▶ **Your goal**:
In the copy, keep every line below as it is and leave out the pictures.

(Data shown Opens)

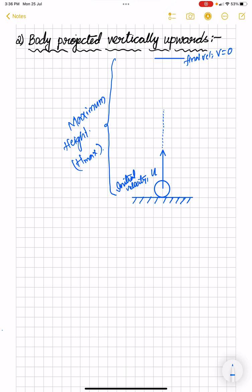As the particle moves vertically upward, its final velocity becomes 0 because it is getting slowed down — its velocity is gradually decreasing. So the change in velocity is negative, meaning the acceleration is also negative. The acceleration is due to the gravitational pull of the earth, that is acceleration due to gravity, so a equals minus g.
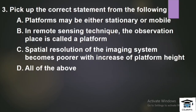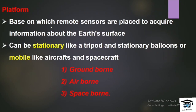This is the third question: Pick the correct statement from the following. One: platforms may be either stationary or mobile. Two: in remote sensing technique, the observation place is called a platform. Three: spatial resolution of the imaging system becomes poorer with increase of platform height. Four: all of the above. A platform is the base on which remote sensors are placed to acquire information about the surface.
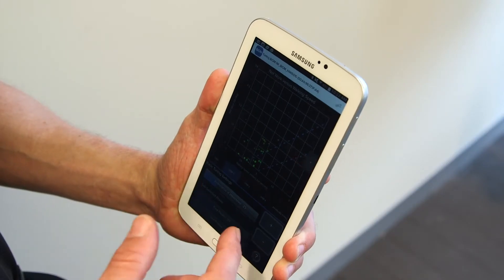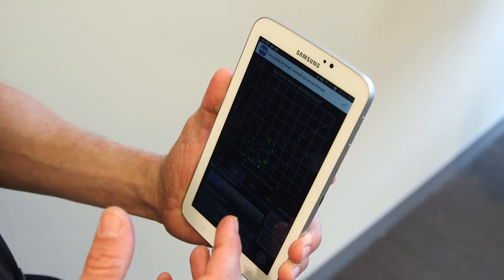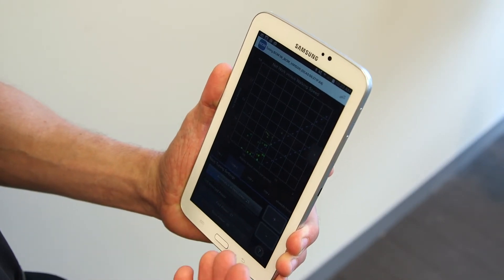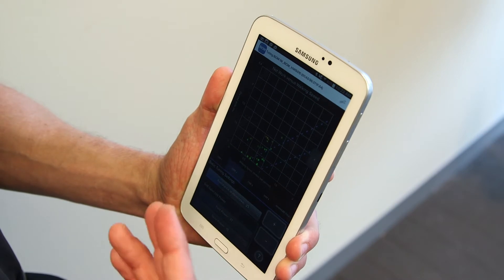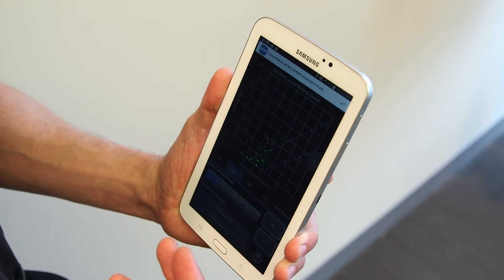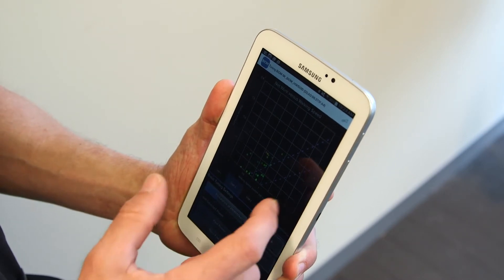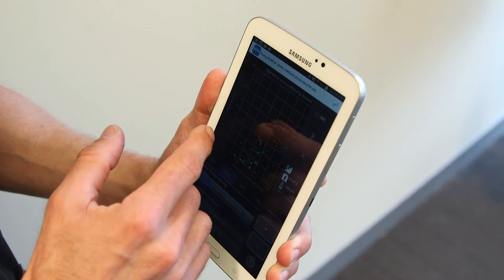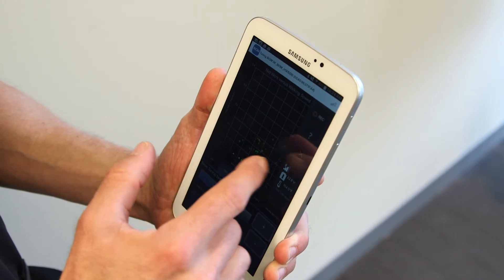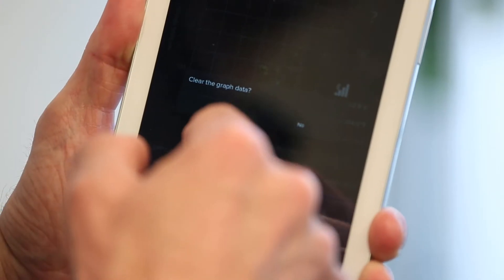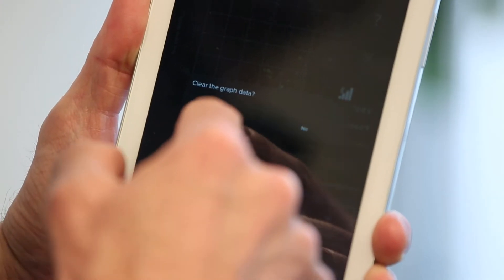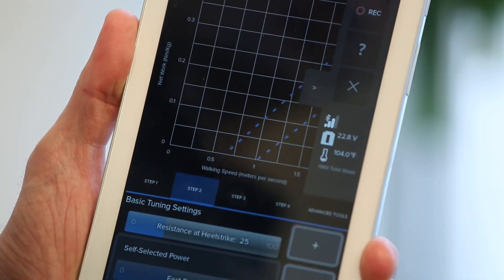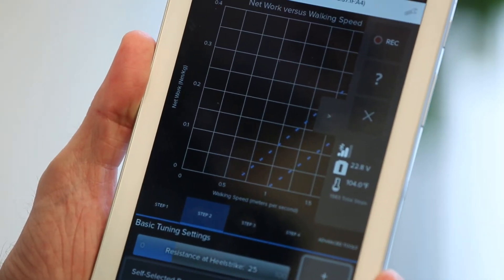If you ever get to a point where you need to start over with the tuning, or if you're testing a particular speed and you only want to focus on that speed, we can bring out this hidden menu, slide to the left, choose the X button. It asks you if you want to clear the data. We say yes, and we can see now all the steps disappear.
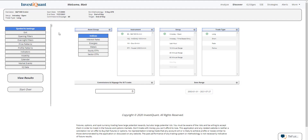Hey, this is Matt from InvestaQuant. I want to take a moment here and show you one of my favorite new features here in Discover. If you haven't used Discover before or you're not real familiar with what the platform is — the platform does all kinds of things, but the key aspect of it is code-free backtesting. So with just a few clicks, you can create strategies, you can save strategies, you can even be alerted on the strategies that you create. And then there's a new feature here that I'm going to show you in just a moment that I just absolutely love.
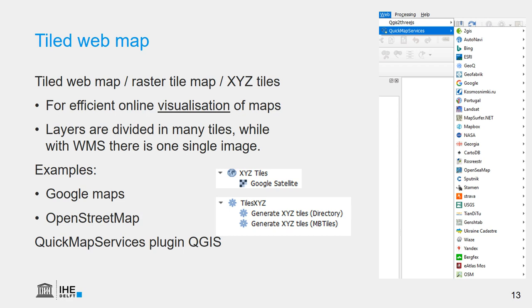In the browser, we can add the XYZ tiles. If we have a URL, it will add it, like in this example, the Google Satellite. And we can also create them ourselves from data using a plugin by Lutra Consulting, which is called the Tiles XYZ plugin. And then we can generate these tiles with different zoom levels to make it efficient, for example, to export it to mobile phone applications.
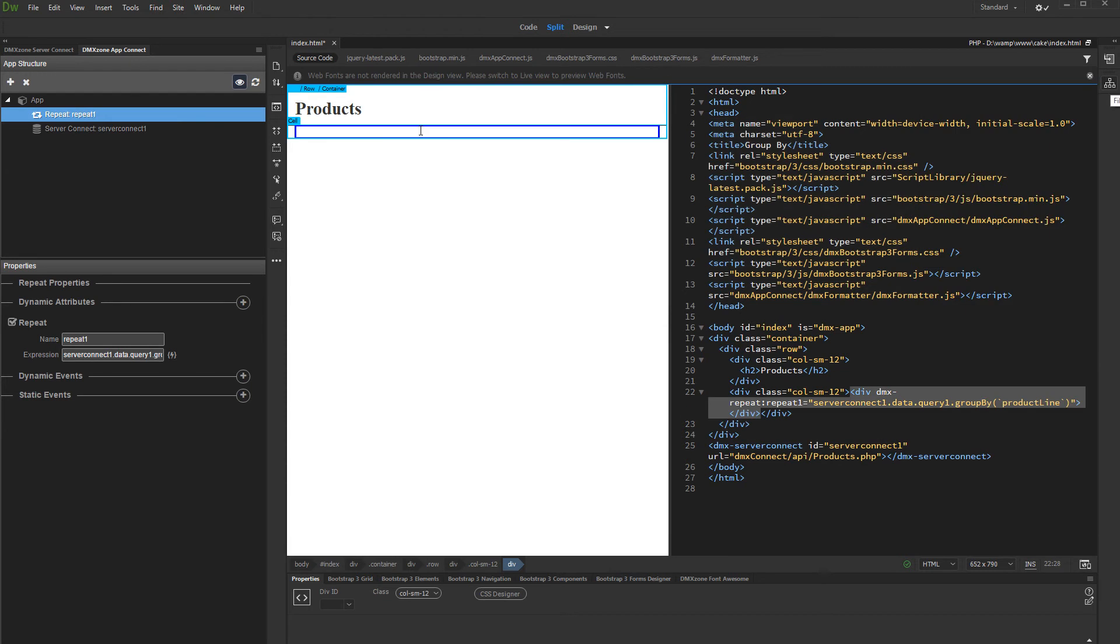Now we can bind the name of the property which we group the records by inside the Repeat Region. Just click inside the Repeat and add new binding.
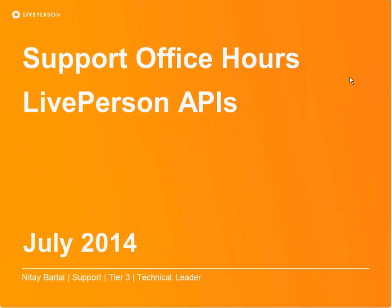Hi everyone, and welcome to the Support Office Hours. We're going to talk about the LivePerson APIs today. My name is Nitai Bartal, and I'm the Tech Lead of Tier 3, one of the Tech Leads in Tier 3.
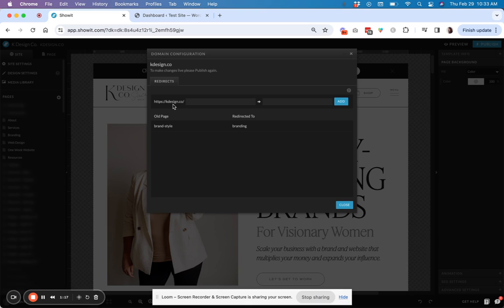Now, for SEO purposes, redirects are also great because it passes on the link juice or authority that that page may have built up over time. So you don't want all of those old links going to a 404 page.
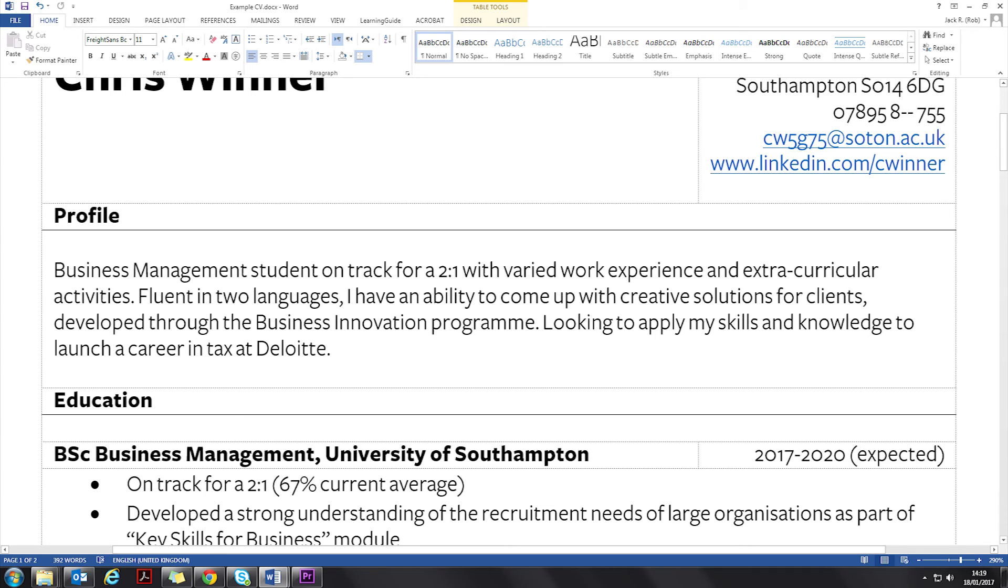It's snappy. It encourages the reader to read on. What's the business innovation programme? What languages can they speak? And it's well aligned to what you're applying for.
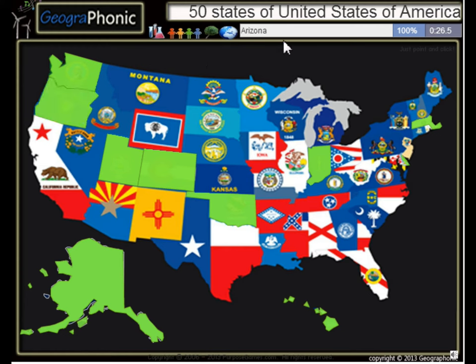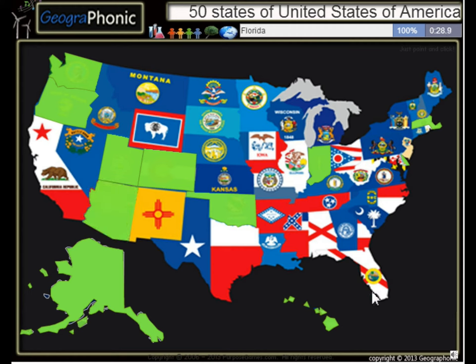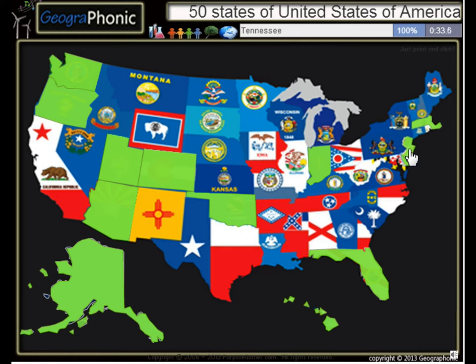Arizona, Florida, New Jersey, Tennessee, New Hampshire,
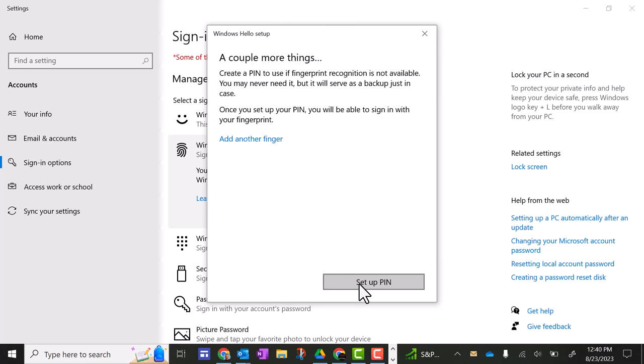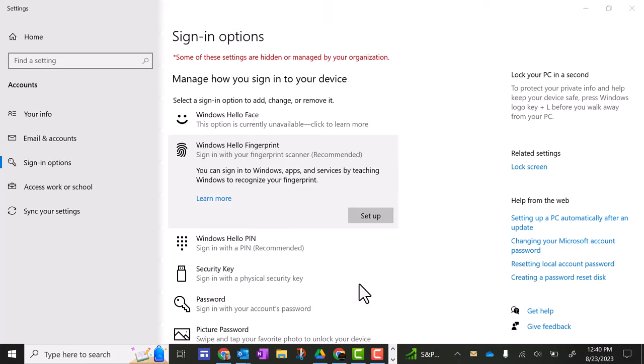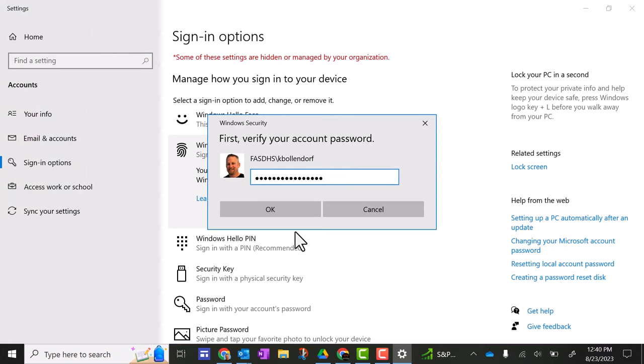Now it says you can set up a PIN so I'll click that. You got to put in your Fleetwood regular password that you have to log into your computer. Click OK.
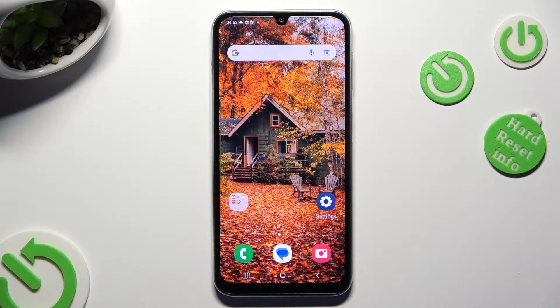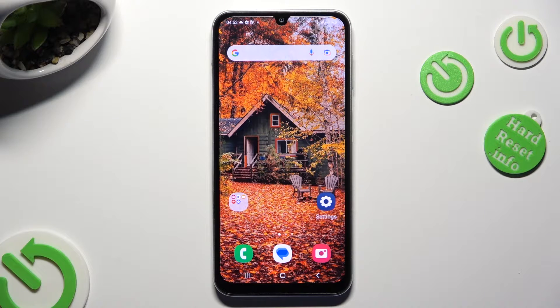Hi! In front of me is Samsung Galaxy A05S and today I would like to show you how you can manage its location.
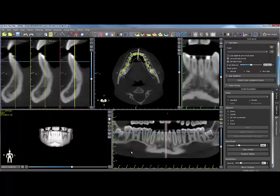The 2D and 3D windows will then populate with the patient's images.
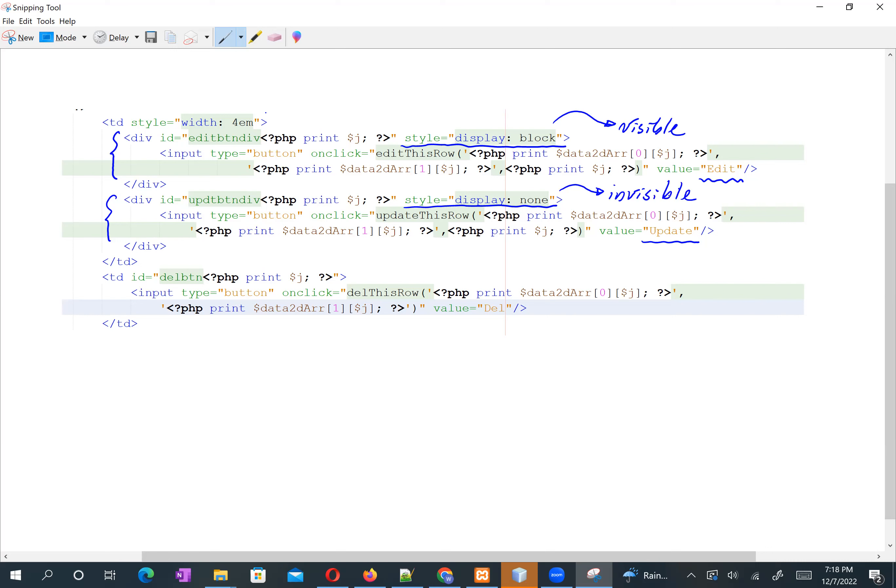When we click the edit button, we call the 'editThisRow' function. Inside this function we swap the two buttons: we make the edit button invisible and make the update button visible. We use these two div elements to control the visible and invisible state.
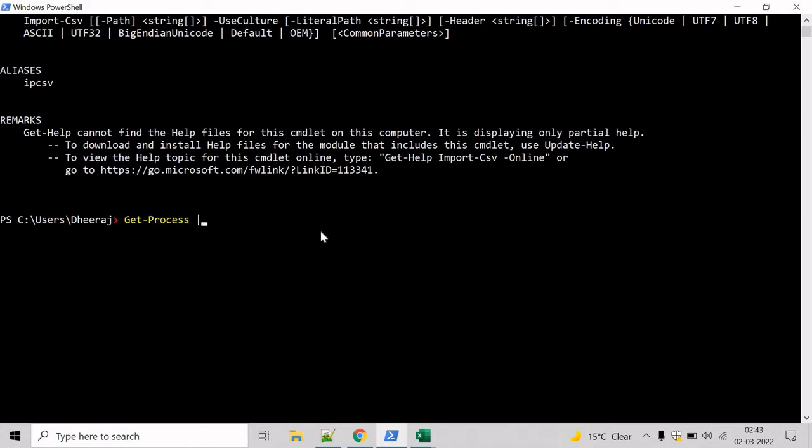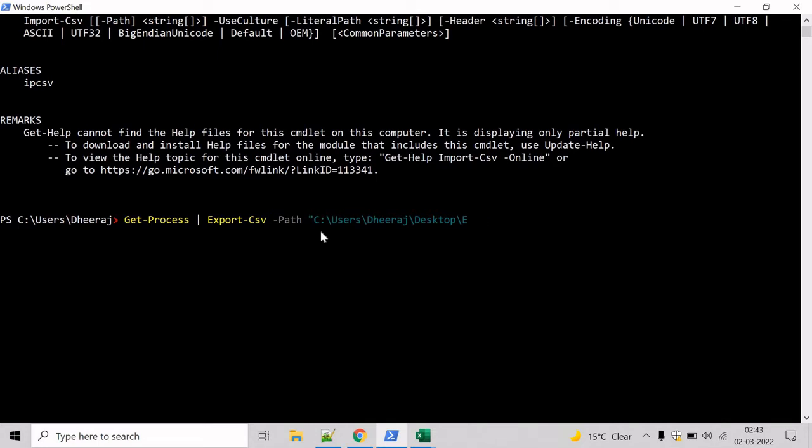And let's export everything to a CSV file, and for that we will take help of Export-CSV cmdlet. Then we have to mention the path and let's give a filename, let's say importfile.csv. We don't want that type information header, and to remove that, write the NoTypeInformation parameter here and hit enter.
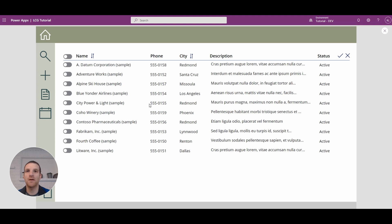Hey everyone, this is Ryan and today we're going to look at adding a select all toggle to our gallery that will work like this.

(Data shown Closes)

▶ **Solution to the exercise**:
As the particle moves vertically upward, its final velocity becomes 0 because it is getting slowed down — its velocity is gradually decreasing. So the change in velocity is negative, meaning the acceleration is also negative. The acceleration is due to the gravitational pull of the earth, that is acceleration due to gravity, so a equals minus g.
This is the third question: Pick the correct statement from the following. One: platforms may be either stationary or mobile. Two: in remote sensing technique, the observation place is called a platform. Three: spatial resolution of the imaging system becomes poorer with increase of platform height. Four: all of the above. A platform is the base on which remote sensors are placed to acquire information about the surface.
If you ever get to a point where you need to start over with the tuning, or if you're testing a particular speed and you only want to focus on that speed, we can bring out this hidden menu, slide to the left, choose the X button. It asks you if you want to clear the data. We say yes, and we can see now all the steps disappear.
Hey, this is Matt from InvestaQuant. I want to take a moment here and show you one of my favorite new features here in Discover. If you haven't used Discover before or you're not real familiar with what the platform is — the platform does all kinds of things, but the key aspect of it is code-free backtesting. So with just a few clicks, you can create strategies, you can save strategies, you can even be alerted on the strategies that you create. And then there's a new feature here that I'm going to show you in just a moment that I just absolutely love.
In the browser, we can add the XYZ tiles. If we have a URL, it will add it, like in this example, the Google Satellite. And we can also create them ourselves from data using a plugin by Lutra Consulting, which is called the Tiles XYZ plugin. And then we can generate these tiles with different zoom levels to make it efficient, for example, to export it to mobile phone applications.
Now we can bind the name of the property which we group the records by inside the Repeat Region. Just click inside the Repeat and add new binding.
Hi everyone, and welcome to the Support Office Hours. We're going to talk about the LivePerson APIs today. My name is Nitai Bartal, and I'm the Tech Lead of Tier 3, one of the Tech Leads in Tier 3.
Now, for SEO purposes, redirects are also great because it passes on the link juice or authority that that page may have built up over time. So you don't want all of those old links going to a 404 page.
It's snappy. It encourages the reader to read on. What's the business innovation programme? What languages can they speak? And it's well aligned to what you're applying for.
Arizona, Florida, New Jersey, Tennessee, New Hampshire,
Now it says you can set up a PIN so I'll click that. You got to put in your Fleetwood regular password that you have to log into your computer. Click OK.
Hi! In front of me is Samsung Galaxy A05S and today I would like to show you how you can manage its location.
The 2D and 3D windows will then populate with the patient's images.
When we click the edit button, we call the 'editThisRow' function. Inside this function we swap the two buttons: we make the edit button invisible and make the update button visible. We use these two div elements to control the visible and invisible state.
And let's export everything to a CSV file, and for that we will take help of Export-CSV cmdlet. Then we have to mention the path and let's give a filename, let's say importfile.csv. We don't want that type information header, and to remove that, write the NoTypeInformation parameter here and hit enter.
Hey everyone, this is Ryan and today we're going to look at adding a select all toggle to our gallery that will work like this.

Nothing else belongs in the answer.